Editorial | Normalising failure on crime

Published:Sunday | August 4, 2019 | 12:00 AM
File Prime Minister Andrew Holness (left) points to crime data at a press conference at Jamaica House on Sunday, July 7, where he announced a state of public emergency for the St Andrew South Police Division. Standing beside him are Minister of National Security Dr Horace Chang (centre) and Chief of Defence Staff, Lieutenant General Rocky Meade.

For more than a generation now, Jamaica has endured a period of low economic growth and a very high rate of murders. GDP growth for the last 30 years averaged less than one per cent per annum, while the average annual murder rate has climbed above 45 per 100,000 of the population, putting Jamaica consistently in the top five of the world’s most murderous countries.

After 30 years, the population has seemingly come to accept these dismal statistics as the country’s fate. In other words, there is a normalisation of this poor national performance. The country appears to be living in the theatre of the absurd. The politicians pretend to do things that will drive faster growth and reduce murders, and the population, at large, knowing fully well that these measures will not work, pretend and hope they will. Expectations on both sides are low and cynicism is high.

All the expert reports on economic growth and crime in Jamaica show that the country’s high levels of violence, murder and corruption is suppressing GDP growth rates. The leadership of the country, on both sides of the political aisles, knows that faster growth requires real solutions to these problems. However, the anti-crime and anti-corruption strategies presented over the years confirm that there is a failure of imagination and leadership.

The suggestion by the prime minister that the country should be prepared to endure up to seven years of a state of emergency (SOE) as the main weapon in the fight against crime and violence is an admission of monumental national failure. What is deeply worrying is the silence of the major institutions of our liberal democracy in the face of this admission of failure.

An SOE is used to suspend rights and freedoms guaranteed under the Constitution in the face of natural disasters, national unrest, or external threats. In other words, in extraordinary circumstances. It was never intended to be used as part of normal policing.

Jamaica’s crime pattern that has existed for more than 20 years suggests deep and structural causes requiring long-term solutions. An SOE is not likely to be of much help, except as a breathing space to develop real and lasting solutions.


There is a great risk that after seven years of SOEs, further severe damage will be done to the police force as an institution. The 20-odd years of the Suppression of Crime Act, which was repealed in the 1990s, did a lot to undermine the police force. The Jamaica Constabulary Force (JCF) failed during the period to develop the intelligence and investigative capabilities necessary for a modern police service.

Under the Suppression of Crime Act, there was widespread abuse of the citizens’ rights by the police. This led to a marked decline in trust and support for the police. An extended SOE will likely have a similar result. The vast majority of the citizens impacted by the current SOEs are from the poorest areas.

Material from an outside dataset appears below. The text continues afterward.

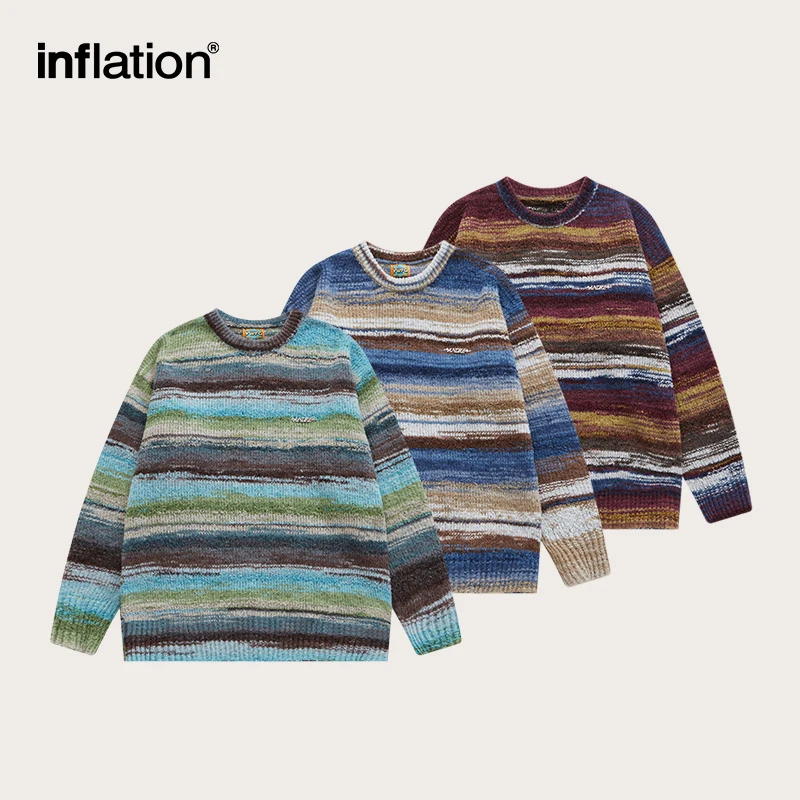 

INFLATION Colorful Stripe Crewneck Pullovers Unisex Winter Warm Knitwear Sweaters Mens Jumpers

An extended period of SOEs, as has been shown in other countries, Egypt, for example, will likely cause the population to come to accept the extraordinary suppression of rights as a normal way of doing business. This approach will weaken the foundations of our democracy.

There is absolutely no guarantee that the murder rate will decline after the proposed seven years. Most expert studies show that crime only decline in the long term when criminals are certain that the capacity of the police and justice system will guarantee, with great certainty, that they will be caught, prosecuted, and if guilty, sent to prison. This certainty will only come from a radically reformed police force, justice and prison system, with adequate resources.

Tackling Jamaica’s problem requires vision, strategy, resources and an iron will to succeed. It is a long-term endeavour that requires absolute commitment from the leadership of the country operating within national consensus.

Jamaica’s success with the current economic programme gives a blueprint as to how we can, as a country, tackle seemingly intractable problems.

The shadow-boxing between the Government and the Opposition around Vale Royal Talks, and whether an anti-crime plan exists, must cease. This must be replaced by an action plan with strategic, time-bound objectives.